▶ [Records for this exercise]
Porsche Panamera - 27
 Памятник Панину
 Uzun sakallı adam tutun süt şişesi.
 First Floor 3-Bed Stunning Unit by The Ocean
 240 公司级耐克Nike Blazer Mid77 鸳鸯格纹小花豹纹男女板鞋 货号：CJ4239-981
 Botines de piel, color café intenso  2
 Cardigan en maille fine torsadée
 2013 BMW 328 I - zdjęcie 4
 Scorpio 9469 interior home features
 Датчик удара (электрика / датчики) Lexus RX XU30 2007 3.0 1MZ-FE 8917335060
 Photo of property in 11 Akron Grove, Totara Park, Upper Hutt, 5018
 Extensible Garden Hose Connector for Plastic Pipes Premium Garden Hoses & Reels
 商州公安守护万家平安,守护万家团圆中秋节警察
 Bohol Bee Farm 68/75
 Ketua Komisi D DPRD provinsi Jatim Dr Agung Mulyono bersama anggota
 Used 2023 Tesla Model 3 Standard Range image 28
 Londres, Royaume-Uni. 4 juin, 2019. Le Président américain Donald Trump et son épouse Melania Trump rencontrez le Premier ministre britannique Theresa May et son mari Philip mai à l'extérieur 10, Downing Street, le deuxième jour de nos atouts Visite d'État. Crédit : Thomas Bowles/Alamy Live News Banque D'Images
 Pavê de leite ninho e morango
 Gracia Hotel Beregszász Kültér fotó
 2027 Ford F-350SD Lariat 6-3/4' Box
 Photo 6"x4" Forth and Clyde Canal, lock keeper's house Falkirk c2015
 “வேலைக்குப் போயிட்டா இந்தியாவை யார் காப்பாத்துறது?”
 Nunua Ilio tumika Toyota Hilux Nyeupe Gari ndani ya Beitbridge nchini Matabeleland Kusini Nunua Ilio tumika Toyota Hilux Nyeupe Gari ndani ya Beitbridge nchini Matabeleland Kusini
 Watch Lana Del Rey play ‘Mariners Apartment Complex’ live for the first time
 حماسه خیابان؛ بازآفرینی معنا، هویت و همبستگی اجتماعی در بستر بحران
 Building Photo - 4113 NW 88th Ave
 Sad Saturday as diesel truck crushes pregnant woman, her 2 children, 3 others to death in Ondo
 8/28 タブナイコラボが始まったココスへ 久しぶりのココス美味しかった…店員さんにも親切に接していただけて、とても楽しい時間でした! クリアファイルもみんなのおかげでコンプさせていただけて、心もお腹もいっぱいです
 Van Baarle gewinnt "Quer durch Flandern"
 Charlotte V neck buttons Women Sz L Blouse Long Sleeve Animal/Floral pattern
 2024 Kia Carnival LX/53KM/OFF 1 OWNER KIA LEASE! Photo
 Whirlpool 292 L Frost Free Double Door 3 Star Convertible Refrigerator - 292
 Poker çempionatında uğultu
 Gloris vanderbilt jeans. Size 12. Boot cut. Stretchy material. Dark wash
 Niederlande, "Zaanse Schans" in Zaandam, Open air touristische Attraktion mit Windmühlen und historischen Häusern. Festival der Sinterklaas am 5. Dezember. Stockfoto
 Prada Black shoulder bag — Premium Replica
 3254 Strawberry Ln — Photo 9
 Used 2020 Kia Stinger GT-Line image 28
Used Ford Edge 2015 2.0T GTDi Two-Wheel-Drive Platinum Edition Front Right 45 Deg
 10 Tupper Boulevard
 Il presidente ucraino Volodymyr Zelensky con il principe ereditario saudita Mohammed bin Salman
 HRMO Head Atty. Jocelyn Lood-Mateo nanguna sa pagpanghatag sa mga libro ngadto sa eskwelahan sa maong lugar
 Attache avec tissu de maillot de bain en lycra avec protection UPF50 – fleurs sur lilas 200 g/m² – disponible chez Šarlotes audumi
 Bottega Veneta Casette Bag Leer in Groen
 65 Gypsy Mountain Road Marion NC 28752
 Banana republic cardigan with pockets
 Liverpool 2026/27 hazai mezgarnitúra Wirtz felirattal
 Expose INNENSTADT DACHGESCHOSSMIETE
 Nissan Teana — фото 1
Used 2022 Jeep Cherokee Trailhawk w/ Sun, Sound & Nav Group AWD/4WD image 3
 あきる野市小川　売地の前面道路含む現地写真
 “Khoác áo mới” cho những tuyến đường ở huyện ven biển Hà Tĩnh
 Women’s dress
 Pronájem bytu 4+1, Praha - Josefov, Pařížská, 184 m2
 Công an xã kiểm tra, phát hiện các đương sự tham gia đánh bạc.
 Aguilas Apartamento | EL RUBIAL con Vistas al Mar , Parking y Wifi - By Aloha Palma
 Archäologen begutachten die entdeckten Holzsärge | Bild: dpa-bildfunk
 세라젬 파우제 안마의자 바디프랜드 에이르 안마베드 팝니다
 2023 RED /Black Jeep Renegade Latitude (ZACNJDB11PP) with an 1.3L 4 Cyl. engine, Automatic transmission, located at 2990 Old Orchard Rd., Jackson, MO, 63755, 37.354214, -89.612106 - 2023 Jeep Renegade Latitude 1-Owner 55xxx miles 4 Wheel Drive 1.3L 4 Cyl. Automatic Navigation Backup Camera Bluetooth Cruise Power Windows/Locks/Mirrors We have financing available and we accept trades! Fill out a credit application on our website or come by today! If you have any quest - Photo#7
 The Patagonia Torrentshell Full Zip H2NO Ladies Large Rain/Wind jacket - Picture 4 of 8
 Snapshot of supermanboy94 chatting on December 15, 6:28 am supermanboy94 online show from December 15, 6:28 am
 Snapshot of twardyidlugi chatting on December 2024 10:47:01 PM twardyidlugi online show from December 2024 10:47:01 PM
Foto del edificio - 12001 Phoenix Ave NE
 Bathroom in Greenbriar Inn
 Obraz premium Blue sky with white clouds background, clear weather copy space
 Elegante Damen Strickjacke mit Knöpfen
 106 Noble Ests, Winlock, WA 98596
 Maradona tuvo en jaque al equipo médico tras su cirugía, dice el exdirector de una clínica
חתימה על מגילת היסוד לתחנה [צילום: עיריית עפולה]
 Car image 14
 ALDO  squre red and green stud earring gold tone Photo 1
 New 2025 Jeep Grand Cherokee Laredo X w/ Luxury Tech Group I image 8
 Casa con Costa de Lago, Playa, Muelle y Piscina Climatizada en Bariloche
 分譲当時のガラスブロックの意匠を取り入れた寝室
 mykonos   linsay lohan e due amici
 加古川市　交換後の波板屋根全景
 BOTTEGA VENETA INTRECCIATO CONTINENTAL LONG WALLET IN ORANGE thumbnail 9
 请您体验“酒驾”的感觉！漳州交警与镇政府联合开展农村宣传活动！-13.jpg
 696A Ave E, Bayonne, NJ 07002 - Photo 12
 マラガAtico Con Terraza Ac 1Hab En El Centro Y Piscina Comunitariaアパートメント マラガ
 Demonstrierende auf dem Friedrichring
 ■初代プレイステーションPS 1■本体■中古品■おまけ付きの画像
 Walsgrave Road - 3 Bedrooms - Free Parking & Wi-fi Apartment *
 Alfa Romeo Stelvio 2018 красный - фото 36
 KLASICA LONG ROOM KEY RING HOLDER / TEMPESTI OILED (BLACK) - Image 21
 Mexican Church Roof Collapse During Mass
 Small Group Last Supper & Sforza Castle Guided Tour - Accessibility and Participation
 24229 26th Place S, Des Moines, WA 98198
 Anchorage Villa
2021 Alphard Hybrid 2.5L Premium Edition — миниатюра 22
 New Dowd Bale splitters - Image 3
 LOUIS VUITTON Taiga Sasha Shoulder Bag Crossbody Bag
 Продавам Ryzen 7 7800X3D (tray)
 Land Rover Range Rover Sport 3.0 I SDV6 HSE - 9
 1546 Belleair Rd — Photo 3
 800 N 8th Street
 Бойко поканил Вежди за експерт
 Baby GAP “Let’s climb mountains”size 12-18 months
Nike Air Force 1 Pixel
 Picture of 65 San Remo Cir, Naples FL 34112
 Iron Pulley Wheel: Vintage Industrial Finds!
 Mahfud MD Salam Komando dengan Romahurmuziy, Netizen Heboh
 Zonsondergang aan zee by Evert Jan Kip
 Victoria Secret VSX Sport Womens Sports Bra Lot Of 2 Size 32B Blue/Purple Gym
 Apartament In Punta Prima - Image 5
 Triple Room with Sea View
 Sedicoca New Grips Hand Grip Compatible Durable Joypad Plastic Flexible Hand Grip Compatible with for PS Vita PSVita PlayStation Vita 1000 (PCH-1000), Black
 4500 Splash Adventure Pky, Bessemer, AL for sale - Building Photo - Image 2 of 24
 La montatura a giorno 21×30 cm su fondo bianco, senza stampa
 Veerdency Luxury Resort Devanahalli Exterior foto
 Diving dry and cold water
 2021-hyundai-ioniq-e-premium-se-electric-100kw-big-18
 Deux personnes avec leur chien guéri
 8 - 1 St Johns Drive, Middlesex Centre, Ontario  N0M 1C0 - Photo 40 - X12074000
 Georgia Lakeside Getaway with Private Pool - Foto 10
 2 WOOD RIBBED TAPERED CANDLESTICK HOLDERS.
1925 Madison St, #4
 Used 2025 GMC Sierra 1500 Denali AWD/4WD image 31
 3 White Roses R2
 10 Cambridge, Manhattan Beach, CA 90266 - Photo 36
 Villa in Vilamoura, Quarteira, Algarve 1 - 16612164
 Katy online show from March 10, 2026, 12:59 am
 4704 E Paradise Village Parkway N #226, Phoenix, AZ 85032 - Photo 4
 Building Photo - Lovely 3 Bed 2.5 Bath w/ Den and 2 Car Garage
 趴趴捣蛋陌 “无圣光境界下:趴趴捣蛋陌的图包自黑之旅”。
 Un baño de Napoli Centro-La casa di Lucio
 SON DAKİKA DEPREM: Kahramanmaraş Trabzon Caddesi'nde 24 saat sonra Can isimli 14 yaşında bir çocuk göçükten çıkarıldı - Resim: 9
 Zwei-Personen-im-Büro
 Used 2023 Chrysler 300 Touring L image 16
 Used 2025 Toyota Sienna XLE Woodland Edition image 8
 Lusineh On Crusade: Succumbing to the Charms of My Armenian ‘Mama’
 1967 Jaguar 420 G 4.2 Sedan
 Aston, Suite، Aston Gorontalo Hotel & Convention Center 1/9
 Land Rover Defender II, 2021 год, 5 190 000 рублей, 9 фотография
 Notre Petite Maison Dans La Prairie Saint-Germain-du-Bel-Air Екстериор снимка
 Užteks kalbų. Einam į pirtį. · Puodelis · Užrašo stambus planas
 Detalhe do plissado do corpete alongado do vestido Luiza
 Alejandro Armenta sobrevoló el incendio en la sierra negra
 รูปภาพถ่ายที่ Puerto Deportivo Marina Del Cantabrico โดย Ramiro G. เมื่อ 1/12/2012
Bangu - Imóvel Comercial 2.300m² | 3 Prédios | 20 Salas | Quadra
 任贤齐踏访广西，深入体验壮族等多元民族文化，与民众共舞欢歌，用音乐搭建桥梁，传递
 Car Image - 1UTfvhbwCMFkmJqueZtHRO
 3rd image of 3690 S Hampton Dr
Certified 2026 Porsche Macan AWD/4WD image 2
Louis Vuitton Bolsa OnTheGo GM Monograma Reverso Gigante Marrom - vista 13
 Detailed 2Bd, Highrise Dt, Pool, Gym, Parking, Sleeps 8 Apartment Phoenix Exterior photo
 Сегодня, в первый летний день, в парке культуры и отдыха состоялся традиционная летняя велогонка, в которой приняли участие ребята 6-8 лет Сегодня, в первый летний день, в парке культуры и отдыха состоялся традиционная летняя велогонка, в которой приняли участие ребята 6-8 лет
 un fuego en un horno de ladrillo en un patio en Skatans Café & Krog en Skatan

▶ [Description of the task] Print exactly the lines of the listing above starting at the line containing "Whirlpool 292 L" and ending at the line containing "Prada Black shoulder bag — Premium Replica", both included.

▶ [Finished exercise]
 Whirlpool 292 L Frost Free Double Door 3 Star Convertible Refrigerator - 292
 Poker çempionatında uğultu
 Gloris vanderbilt jeans. Size 12. Boot cut. Stretchy material. Dark wash
 Niederlande, "Zaanse Schans" in Zaandam, Open air touristische Attraktion mit Windmühlen und historischen Häusern. Festival der Sinterklaas am 5. Dezember. Stockfoto
 Prada Black shoulder bag — Premium Replica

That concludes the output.